The movement began just two years ago by environmental activist Bill McKibben and Unity College, an environmental college in Maine with the tag line America’s Environmental College, seems unstoppable.

In early May, as President Barack Obama crisscrossed the United States revealing details of a dire National Climate Assessment, Stanford University joined the movement that began on November 13, 2012, at a 350.org event during which Unity College President Stephen Mulkey announced that his institution had divested from investments in fossil fuels.

Stanford will now comb through its $18.7 billion endowment, divesting from its shares in coal-mining companies. The move comes just weeks after Pitzer College of Claremont, California, announced its intention to divest from investments in fossil fuels and improve campus sustainability efforts.

If the immediate goal of the divestment movement is to strip fossil fuel companies of their social contract to pursue a business model that is inconsistent with the long-term sustainability of human habitation on earth, then the objective of education reform as proposed by Mulkey is to reframe higher education to produce graduates with the real-world skills necessary to save humanity.

Sustainability Science and Education Reform
“Now that Stanford University has taken this important step, it is not improbable to think that Harvard University will seriously reconsider its continued resistance to calls by its faculty and students to divest,” noted Mulkey, an internationally regarded scientist.

Mulkey and McKibben have been among the most recognizable and ardent champions of the growing divestment movement, speaking at events across the United States and advising college Presidents who are considering following their lead.

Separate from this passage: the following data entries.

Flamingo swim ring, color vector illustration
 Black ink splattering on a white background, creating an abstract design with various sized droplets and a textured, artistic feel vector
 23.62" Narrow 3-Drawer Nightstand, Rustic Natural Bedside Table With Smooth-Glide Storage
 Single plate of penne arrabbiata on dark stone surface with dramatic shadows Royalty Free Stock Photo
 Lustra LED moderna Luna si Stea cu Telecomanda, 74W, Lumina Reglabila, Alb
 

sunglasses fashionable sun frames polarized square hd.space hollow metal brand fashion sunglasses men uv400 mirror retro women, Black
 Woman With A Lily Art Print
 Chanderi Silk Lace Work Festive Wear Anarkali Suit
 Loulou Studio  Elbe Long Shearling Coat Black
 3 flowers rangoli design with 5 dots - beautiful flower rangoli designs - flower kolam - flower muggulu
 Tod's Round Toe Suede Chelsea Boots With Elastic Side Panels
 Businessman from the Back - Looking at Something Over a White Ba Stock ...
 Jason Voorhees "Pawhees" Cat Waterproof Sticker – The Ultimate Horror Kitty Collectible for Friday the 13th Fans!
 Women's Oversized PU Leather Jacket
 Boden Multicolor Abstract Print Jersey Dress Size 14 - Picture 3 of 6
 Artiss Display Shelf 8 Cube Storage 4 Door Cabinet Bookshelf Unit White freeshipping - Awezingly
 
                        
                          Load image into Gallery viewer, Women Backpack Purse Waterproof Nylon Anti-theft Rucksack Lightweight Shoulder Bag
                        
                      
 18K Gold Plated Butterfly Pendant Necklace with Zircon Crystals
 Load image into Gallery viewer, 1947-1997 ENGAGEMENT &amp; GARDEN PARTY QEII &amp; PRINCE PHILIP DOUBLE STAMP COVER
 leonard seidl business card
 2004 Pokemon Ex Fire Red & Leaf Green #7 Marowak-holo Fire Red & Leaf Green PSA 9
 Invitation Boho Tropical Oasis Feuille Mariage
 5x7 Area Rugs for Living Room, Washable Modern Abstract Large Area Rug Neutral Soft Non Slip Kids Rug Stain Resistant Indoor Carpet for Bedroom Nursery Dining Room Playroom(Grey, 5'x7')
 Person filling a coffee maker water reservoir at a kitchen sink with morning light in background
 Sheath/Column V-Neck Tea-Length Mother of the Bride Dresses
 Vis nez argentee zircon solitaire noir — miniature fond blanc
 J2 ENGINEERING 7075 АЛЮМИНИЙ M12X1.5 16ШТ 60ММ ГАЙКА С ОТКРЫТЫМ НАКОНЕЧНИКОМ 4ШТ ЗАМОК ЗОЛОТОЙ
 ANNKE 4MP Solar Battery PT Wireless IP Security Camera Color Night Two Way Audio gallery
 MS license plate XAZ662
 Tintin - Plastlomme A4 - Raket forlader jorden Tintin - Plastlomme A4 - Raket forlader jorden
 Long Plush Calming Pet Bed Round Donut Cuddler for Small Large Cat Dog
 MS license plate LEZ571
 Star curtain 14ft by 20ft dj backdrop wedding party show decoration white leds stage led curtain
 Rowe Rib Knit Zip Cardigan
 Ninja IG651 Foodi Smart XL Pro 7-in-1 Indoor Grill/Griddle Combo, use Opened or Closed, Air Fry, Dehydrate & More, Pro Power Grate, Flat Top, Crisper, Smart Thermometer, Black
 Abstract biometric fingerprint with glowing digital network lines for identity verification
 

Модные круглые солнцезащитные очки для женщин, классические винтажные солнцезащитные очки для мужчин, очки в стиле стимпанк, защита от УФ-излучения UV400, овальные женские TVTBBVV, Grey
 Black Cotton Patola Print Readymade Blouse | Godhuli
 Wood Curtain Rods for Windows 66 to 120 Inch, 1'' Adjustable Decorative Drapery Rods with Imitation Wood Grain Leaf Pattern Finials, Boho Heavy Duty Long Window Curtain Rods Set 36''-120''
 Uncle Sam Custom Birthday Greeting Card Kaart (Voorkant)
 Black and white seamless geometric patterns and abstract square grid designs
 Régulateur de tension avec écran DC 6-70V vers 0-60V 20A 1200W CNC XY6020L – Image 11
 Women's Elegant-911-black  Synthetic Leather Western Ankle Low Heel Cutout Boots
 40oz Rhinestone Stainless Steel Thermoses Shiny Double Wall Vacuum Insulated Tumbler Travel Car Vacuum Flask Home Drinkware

For Mulkey, climate leadership includes both divestment and proposing broad changes that will make higher education more efficient, relevant to real-world problems, and collaborative. Just as Microsoft Corporation began with a series of ideas worked through on a garage work bench, so too is Unity College. Unity is a college of fewer than 1,000 students located in Maine’s mid-coastal farm country, that is modeling the most transformative initiative since the G.I. Bill opened higher education to the masses.

When Mulkey announced Unity’s divestment to cheers ringing from the audience at the State Theater in Portland, Maine, what he did not mention is sustainability science, the second part of an equation to reframe higher education. Sustainability science is the second of the one-two punch in President Mulkey’s philosophy and passionate call to action. Mulkey says that sustainability science has the capability to comprehensively address a plethora of issues related to the survivability of the planet. It challenges silos between the disciplines, threatens outdated modes of thinking, and requires faculty to learn new, collaborative ways of thinking and teaching.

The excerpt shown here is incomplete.